Mexican Paralympic athlete (born 1984)

Rosa María Guerrero Cazares (born 30 November 1984) is a Mexican Paralympic athlete who competes in discus throw and shot put events in international level events.

== Career ==
For a long time she played soccer, but in 2010, due to a health problem, she was immobilized from the waist down and started playing basketball in a wheelchair. Shortly thereafter, the national athletics coach invited her to train at the CONADE's Mexican Paralympic Committee Center.

At the 2017 World Para Athletics Championships, she won the bronze medal in the F55 Shot put, with a throw of 7.45 metres. She also competed in the Discus throw coming 9th.

At the 2019 World Para Athletics Championships, she placed 4th in the F55 Discus Throw with a throw of 22.43 metres.

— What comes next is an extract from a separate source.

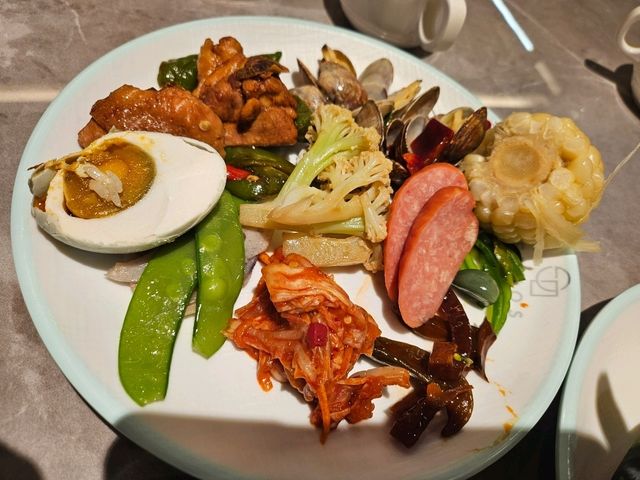 칭다오 타이동거리 추천 호텔 칭다오 타이동거리 추천 호텔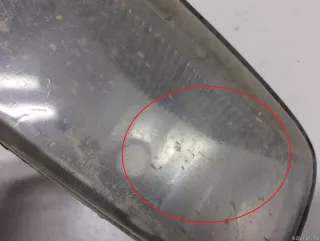 YL8Z15200AA Ford Фара противотуманная правая Ford Escape 1 Арт E90213736, вид 2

At the 2020 Summer Paralympics she finished in third place in the discus throw with a 24.11 meters, winning a bronze medal.

At the 2023 Parapan American Games, she competed in the F55 Discus and Shot put events, winning the silver and bronze respectively.

At the 2024 Summer Paralympics, she repeated her 2020 result winning bronze again with a throw of 25.81 metres, which was also a seasons best for her.